Cette normalisation forcée - sous la menace - avec le Hezbollah vise à préparer le terrain et à permettre à Joumblatt de se rendre en Syrie, laquelle avait lancé un mandat d’arrêt à son encontre, ainsi qu’à l’encontre d’une vingtaine d’autres personnalités libanaises. Avant d’obtenir un rendez-vous à Damas, Joumblatt devait néanmoins présenter ses excuses officielles et solennelles à Assad, pour l’avoir insulté et accusé de fomenter les attentats au Liban, et pour avoir accusé le régime syrien d’avoir assassiné son propre père, Kamal Joumblatt, en mars 1977 (comme l’ensemble des assassinats politiques au Liban : Bachir Gemayel, Hassan Khaled, René Mouawad, Rafic Hariri, et tous les autres...). Damas a tardé à fixer un rendez-vous à Joumblatt, en attendant le moment opportun.
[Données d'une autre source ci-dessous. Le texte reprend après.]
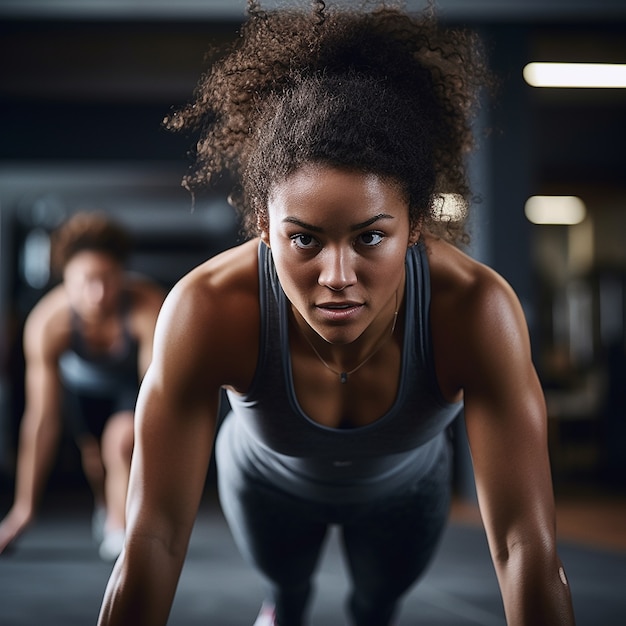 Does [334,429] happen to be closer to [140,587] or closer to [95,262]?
[140,587]

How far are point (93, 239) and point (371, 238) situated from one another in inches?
87.2

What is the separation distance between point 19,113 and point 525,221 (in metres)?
3.23

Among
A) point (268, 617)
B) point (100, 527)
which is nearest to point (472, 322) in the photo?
point (268, 617)

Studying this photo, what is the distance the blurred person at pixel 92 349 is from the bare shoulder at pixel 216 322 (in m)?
1.94

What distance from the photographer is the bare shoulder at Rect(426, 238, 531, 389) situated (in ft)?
3.62

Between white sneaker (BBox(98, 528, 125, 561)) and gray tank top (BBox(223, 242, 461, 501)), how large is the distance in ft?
6.52

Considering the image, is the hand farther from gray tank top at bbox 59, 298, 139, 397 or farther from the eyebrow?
the eyebrow

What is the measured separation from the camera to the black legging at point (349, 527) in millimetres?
1490

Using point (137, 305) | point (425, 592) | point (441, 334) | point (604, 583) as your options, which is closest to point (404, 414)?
point (441, 334)

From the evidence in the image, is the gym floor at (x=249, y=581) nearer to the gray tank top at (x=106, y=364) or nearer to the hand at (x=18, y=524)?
the hand at (x=18, y=524)

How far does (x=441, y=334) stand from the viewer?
1.16m

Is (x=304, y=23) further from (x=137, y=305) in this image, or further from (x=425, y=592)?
(x=137, y=305)

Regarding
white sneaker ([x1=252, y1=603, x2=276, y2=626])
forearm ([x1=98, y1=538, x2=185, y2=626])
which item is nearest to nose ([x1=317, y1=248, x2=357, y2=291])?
forearm ([x1=98, y1=538, x2=185, y2=626])

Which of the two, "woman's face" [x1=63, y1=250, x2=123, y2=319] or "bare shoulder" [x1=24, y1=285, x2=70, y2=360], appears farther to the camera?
"bare shoulder" [x1=24, y1=285, x2=70, y2=360] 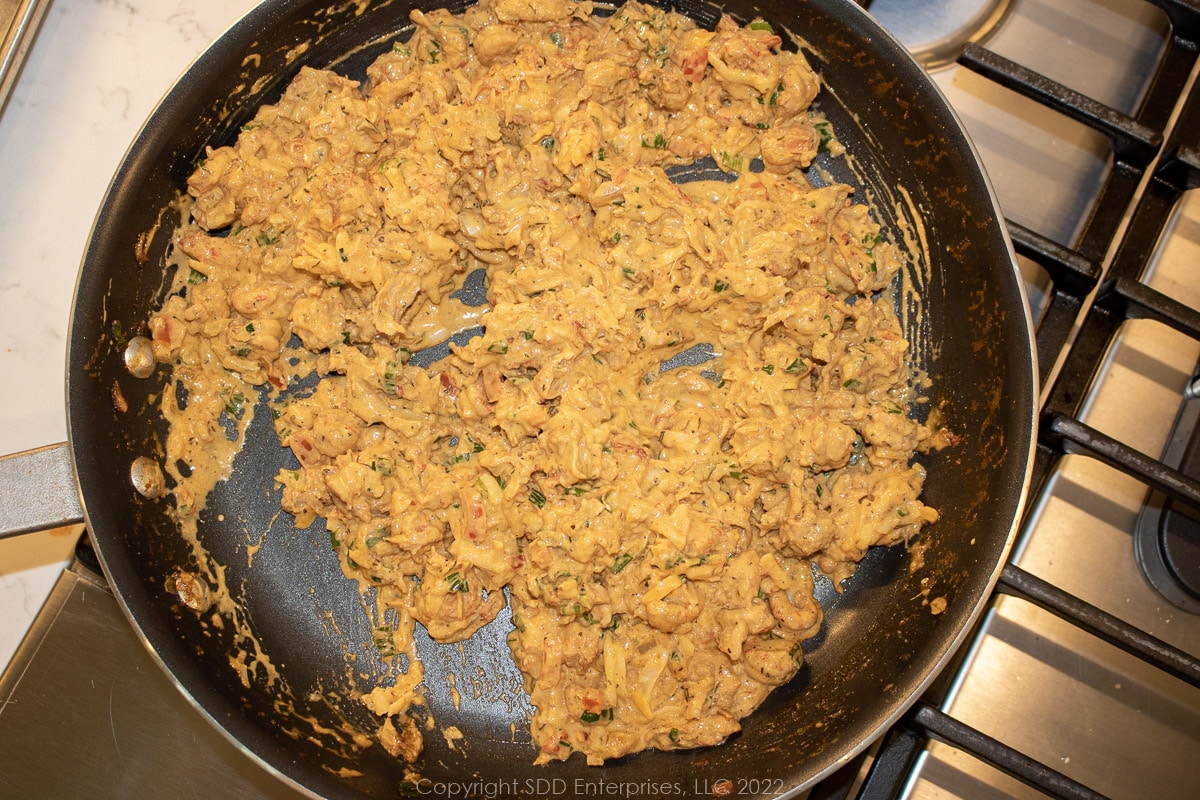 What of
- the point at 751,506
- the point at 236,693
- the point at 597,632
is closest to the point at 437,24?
the point at 751,506

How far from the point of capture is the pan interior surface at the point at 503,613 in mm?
1767

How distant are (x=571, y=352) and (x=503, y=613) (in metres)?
0.66

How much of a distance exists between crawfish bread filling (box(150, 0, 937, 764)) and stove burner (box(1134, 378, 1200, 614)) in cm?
47

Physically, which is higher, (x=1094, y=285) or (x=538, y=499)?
(x=1094, y=285)

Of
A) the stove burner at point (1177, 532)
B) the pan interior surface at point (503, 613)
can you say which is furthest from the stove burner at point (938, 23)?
the stove burner at point (1177, 532)

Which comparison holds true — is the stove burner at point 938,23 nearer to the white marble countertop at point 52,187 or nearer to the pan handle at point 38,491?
the white marble countertop at point 52,187

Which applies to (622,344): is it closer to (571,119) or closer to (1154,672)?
(571,119)

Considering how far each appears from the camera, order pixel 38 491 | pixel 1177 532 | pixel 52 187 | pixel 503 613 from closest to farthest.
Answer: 1. pixel 38 491
2. pixel 1177 532
3. pixel 503 613
4. pixel 52 187

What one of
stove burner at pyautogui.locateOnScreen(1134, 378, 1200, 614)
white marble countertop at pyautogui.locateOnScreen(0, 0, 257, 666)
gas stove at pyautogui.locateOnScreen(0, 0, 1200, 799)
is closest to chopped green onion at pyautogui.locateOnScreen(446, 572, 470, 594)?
gas stove at pyautogui.locateOnScreen(0, 0, 1200, 799)

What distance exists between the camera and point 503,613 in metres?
2.00

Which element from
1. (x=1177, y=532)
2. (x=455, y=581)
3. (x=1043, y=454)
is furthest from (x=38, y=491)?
(x=1177, y=532)

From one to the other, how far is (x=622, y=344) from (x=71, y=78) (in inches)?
63.0

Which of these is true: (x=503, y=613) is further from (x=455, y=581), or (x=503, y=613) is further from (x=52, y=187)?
(x=52, y=187)

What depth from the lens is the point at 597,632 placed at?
6.16 ft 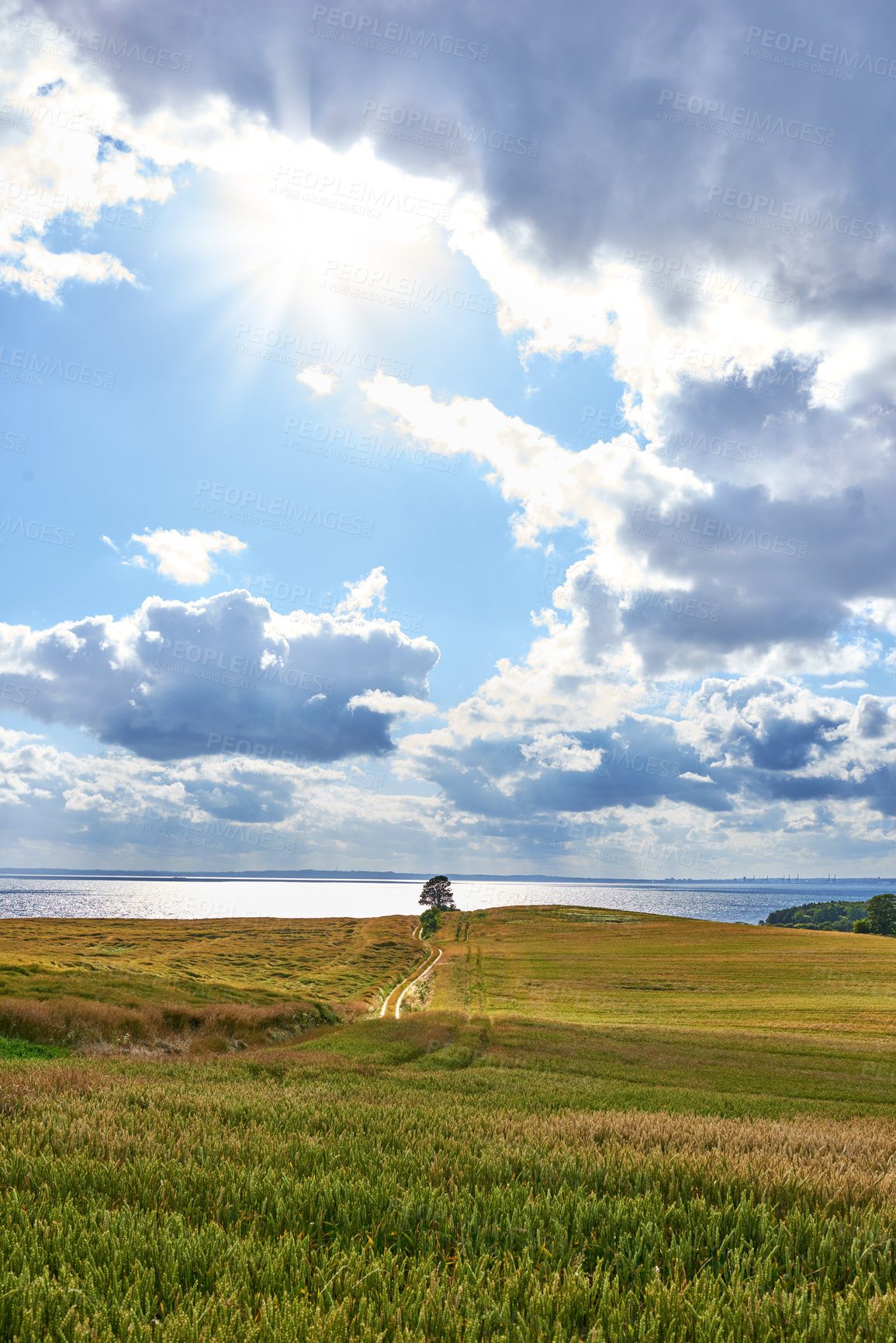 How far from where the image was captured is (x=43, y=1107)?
21.9ft

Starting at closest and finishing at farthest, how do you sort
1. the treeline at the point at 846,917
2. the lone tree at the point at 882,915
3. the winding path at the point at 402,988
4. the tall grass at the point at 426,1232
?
the tall grass at the point at 426,1232
the winding path at the point at 402,988
the lone tree at the point at 882,915
the treeline at the point at 846,917

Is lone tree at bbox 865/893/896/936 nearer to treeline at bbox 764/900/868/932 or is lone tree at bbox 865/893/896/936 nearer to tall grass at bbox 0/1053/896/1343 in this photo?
treeline at bbox 764/900/868/932

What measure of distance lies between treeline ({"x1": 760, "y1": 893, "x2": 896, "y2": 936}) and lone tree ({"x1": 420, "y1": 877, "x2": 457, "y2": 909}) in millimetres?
76164

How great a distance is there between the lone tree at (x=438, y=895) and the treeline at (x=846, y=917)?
76164 millimetres

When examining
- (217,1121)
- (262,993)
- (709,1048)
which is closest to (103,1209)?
(217,1121)

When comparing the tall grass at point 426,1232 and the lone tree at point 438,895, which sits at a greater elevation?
the tall grass at point 426,1232

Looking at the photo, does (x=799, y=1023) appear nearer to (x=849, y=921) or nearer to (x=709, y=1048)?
(x=709, y=1048)

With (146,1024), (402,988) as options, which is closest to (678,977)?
(402,988)

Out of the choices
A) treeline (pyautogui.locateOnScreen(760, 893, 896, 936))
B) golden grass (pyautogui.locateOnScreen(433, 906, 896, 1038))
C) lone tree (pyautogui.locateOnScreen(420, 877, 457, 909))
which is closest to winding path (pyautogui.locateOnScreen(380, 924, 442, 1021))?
golden grass (pyautogui.locateOnScreen(433, 906, 896, 1038))

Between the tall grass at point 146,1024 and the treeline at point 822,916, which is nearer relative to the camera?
the tall grass at point 146,1024

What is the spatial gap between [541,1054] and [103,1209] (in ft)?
103

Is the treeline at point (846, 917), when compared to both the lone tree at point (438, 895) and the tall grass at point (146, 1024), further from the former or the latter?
the tall grass at point (146, 1024)

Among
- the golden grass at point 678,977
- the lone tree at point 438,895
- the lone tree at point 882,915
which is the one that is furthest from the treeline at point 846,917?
the lone tree at point 438,895

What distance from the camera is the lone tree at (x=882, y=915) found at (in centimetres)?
11606
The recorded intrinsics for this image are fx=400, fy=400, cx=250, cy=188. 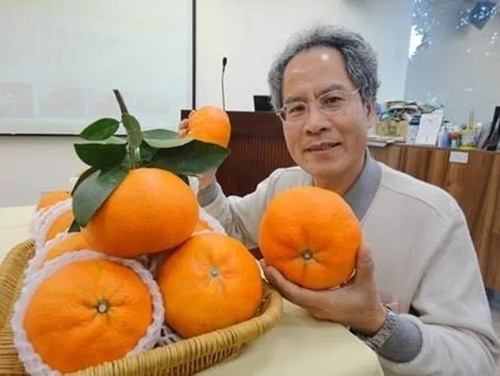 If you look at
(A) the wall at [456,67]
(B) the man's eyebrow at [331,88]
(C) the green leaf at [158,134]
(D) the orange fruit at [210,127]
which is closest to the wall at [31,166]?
(D) the orange fruit at [210,127]

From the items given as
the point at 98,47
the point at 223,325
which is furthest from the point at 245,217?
the point at 98,47

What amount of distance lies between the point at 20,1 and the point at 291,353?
Result: 2.26m

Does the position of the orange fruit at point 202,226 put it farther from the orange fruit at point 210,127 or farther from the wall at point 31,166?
the wall at point 31,166

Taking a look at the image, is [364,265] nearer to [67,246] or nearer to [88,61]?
[67,246]

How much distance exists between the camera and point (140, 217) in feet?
1.16

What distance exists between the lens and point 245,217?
3.47 feet

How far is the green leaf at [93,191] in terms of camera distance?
36 centimetres

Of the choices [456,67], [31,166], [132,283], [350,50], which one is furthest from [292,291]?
[456,67]

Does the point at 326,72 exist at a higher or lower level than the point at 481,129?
higher

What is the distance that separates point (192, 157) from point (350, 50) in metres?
0.48

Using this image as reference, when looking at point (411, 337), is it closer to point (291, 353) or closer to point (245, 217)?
point (291, 353)

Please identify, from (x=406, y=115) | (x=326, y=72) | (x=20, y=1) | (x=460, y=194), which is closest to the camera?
(x=326, y=72)

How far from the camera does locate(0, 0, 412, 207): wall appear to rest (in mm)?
2146

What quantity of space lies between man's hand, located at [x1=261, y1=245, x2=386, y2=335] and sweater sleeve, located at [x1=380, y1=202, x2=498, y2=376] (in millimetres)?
156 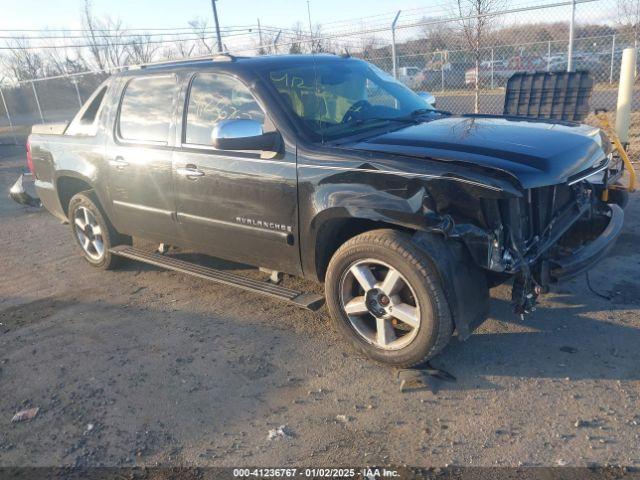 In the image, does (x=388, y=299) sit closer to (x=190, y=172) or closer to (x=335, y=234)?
(x=335, y=234)

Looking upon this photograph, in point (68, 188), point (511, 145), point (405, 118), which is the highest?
point (405, 118)

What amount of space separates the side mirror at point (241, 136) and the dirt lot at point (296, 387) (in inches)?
55.4

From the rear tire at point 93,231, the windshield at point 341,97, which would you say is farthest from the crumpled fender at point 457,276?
the rear tire at point 93,231

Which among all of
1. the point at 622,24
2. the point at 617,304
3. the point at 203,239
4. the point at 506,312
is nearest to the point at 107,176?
the point at 203,239

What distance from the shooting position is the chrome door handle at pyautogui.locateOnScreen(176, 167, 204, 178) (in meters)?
4.10

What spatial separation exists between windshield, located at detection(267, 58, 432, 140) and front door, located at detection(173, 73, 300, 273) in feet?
0.95

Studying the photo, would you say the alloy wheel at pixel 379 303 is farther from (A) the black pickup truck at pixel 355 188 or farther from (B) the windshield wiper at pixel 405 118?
(B) the windshield wiper at pixel 405 118

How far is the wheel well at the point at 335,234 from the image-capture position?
137 inches

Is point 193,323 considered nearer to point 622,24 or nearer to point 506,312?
point 506,312

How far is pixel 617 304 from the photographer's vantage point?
155 inches

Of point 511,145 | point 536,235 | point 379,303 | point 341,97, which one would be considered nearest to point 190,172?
point 341,97

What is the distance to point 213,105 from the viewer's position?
4.11 metres

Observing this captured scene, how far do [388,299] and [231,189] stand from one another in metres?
1.47

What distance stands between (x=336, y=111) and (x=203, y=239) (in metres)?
1.51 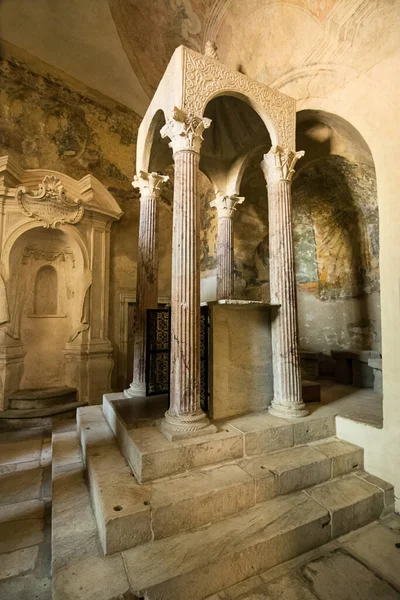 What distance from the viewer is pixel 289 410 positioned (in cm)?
331

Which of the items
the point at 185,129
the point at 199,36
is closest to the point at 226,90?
the point at 185,129

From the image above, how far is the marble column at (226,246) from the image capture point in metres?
5.30

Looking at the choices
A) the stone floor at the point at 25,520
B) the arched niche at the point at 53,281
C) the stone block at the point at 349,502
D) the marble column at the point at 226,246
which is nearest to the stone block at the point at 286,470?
the stone block at the point at 349,502

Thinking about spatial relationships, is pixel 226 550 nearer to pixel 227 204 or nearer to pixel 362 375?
pixel 362 375

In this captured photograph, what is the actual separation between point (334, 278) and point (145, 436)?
17.4ft

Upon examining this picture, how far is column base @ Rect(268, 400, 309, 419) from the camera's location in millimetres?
3291

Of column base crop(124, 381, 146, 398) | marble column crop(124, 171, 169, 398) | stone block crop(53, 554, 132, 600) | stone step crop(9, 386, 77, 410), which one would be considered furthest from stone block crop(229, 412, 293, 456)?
stone step crop(9, 386, 77, 410)

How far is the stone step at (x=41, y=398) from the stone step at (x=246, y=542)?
458 cm

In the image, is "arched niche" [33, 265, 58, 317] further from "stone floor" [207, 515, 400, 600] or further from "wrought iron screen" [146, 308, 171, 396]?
"stone floor" [207, 515, 400, 600]

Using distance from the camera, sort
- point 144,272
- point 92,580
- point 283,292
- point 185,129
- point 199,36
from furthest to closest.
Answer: point 199,36
point 144,272
point 283,292
point 185,129
point 92,580

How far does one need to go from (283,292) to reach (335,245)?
353cm

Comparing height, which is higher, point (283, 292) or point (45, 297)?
point (45, 297)

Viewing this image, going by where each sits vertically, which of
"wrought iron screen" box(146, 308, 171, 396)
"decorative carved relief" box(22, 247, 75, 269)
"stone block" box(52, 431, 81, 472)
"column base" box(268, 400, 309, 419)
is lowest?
"stone block" box(52, 431, 81, 472)

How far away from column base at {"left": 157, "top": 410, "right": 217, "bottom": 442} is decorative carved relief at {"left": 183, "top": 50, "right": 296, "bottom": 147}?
3187 millimetres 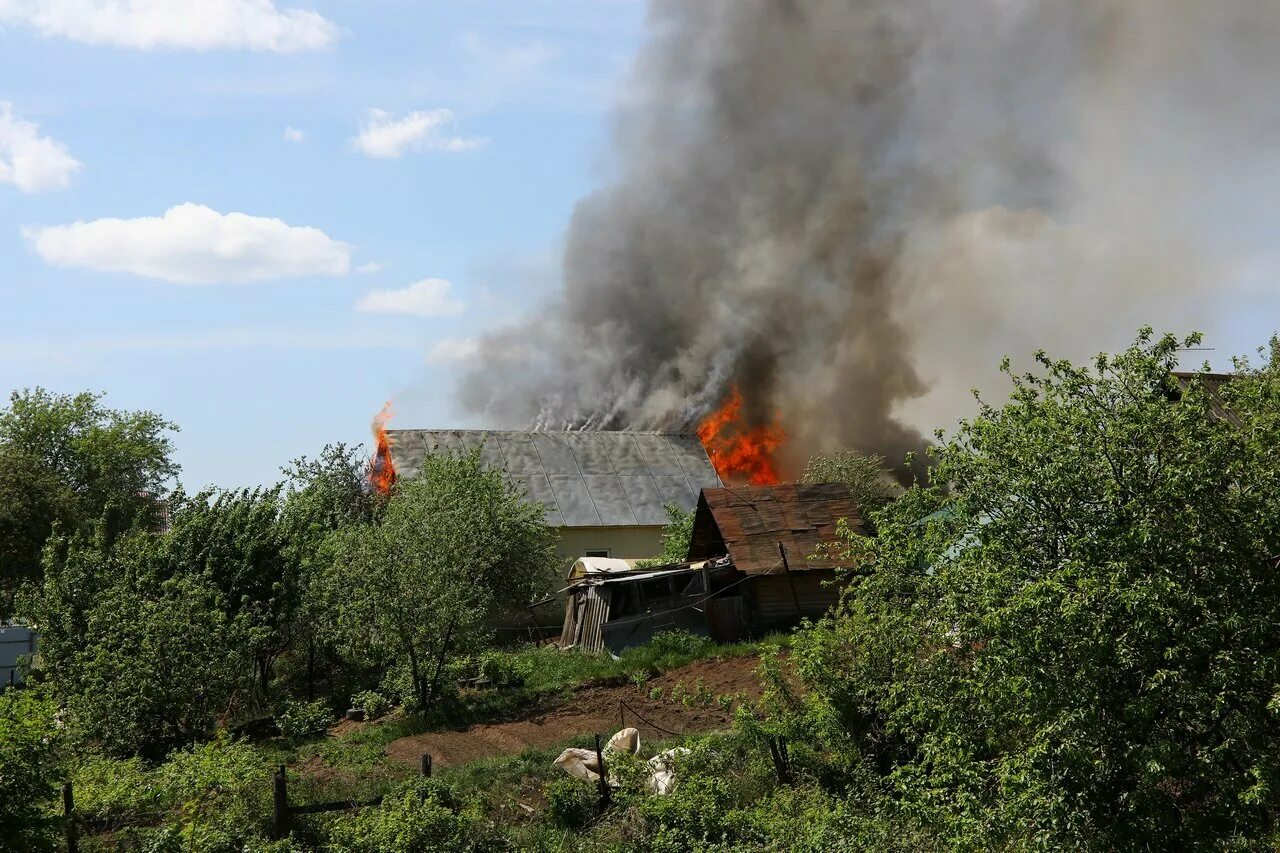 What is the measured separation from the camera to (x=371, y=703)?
24.1 metres

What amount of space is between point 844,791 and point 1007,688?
222 inches

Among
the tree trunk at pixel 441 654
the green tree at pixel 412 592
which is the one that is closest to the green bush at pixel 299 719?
the green tree at pixel 412 592

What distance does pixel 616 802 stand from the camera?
15805 millimetres

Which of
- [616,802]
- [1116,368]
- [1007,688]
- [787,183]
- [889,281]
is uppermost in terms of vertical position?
[787,183]

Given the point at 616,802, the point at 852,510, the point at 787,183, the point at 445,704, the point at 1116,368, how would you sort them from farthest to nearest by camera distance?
the point at 787,183 < the point at 852,510 < the point at 445,704 < the point at 616,802 < the point at 1116,368

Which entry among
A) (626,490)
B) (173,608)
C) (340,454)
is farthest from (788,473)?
(173,608)

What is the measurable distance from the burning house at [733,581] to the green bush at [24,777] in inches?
656

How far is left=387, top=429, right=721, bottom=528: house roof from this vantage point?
4012 cm

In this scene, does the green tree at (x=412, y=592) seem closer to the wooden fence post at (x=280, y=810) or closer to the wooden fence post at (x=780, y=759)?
the wooden fence post at (x=280, y=810)

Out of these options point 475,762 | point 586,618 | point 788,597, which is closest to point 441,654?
point 475,762

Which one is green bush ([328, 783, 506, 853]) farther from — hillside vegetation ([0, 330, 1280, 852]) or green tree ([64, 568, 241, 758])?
green tree ([64, 568, 241, 758])

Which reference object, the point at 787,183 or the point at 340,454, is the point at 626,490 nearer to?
the point at 340,454

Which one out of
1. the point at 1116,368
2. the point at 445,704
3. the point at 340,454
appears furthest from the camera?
the point at 340,454

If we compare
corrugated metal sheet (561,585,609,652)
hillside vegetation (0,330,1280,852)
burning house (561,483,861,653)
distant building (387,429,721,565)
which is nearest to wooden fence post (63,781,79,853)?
hillside vegetation (0,330,1280,852) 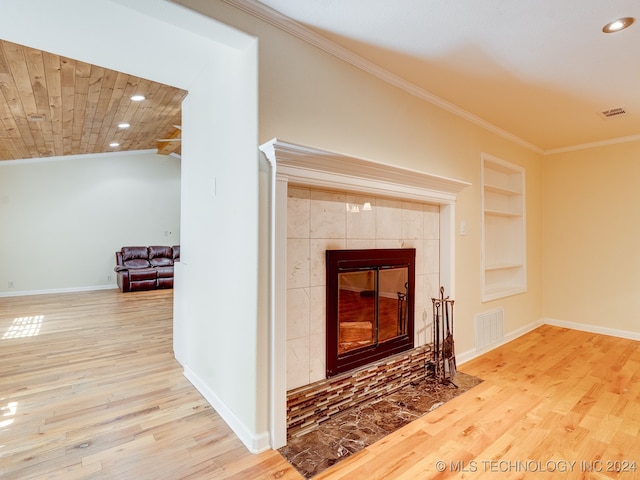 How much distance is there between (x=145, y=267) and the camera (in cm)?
802

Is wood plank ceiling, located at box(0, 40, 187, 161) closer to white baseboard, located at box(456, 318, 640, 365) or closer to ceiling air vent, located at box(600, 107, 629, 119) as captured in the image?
white baseboard, located at box(456, 318, 640, 365)

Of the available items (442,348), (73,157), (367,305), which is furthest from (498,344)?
(73,157)

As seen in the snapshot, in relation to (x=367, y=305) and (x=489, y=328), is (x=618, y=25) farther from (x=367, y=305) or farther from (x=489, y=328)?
(x=489, y=328)

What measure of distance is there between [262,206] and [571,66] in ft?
8.35

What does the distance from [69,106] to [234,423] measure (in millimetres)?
4311

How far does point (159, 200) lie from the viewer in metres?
8.95

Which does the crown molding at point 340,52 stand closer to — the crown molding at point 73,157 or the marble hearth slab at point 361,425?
the marble hearth slab at point 361,425

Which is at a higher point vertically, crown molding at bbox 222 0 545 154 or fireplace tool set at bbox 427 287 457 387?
crown molding at bbox 222 0 545 154

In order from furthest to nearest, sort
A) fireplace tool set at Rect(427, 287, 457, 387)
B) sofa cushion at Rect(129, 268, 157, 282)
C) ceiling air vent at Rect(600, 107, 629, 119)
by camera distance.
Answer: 1. sofa cushion at Rect(129, 268, 157, 282)
2. ceiling air vent at Rect(600, 107, 629, 119)
3. fireplace tool set at Rect(427, 287, 457, 387)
Entre-temps, la base populaire de Joumblatt est en ébullition : au moment où il scellait la réconciliation avec le Hezbollah, ses partisans et les militants du Parti Socialiste Progressiste (PSP) distribuaient les photos et les films des combats qu’ils ont menés contre le même Hezbollah en mai 2008, en guise de protestations. Ils affirment que les Druzes n’ont pas oublié comment les miliciens chiites, appuyés par des combattants iraniens des Gardiens de la Révolution, avaient attaqué la montagne, laissant une cinquantaine de morts sur le terrain (Niha et Baïssour...). Le mécontentement de la base se fait de plus en plus sentir à l’approche de la visite de Joumblatt à Damas, et le malaise gagne les rangs à l’approche du 14 février, date anniversaire de l’assassinat de Hariri. Les partisans de Joumblatt sont unanimement favorables à une participation massive aux manifestations organisées à cette occasion, mais leur chef reste hésitant, en attendant le feu vert de Damas pour s’y rendre.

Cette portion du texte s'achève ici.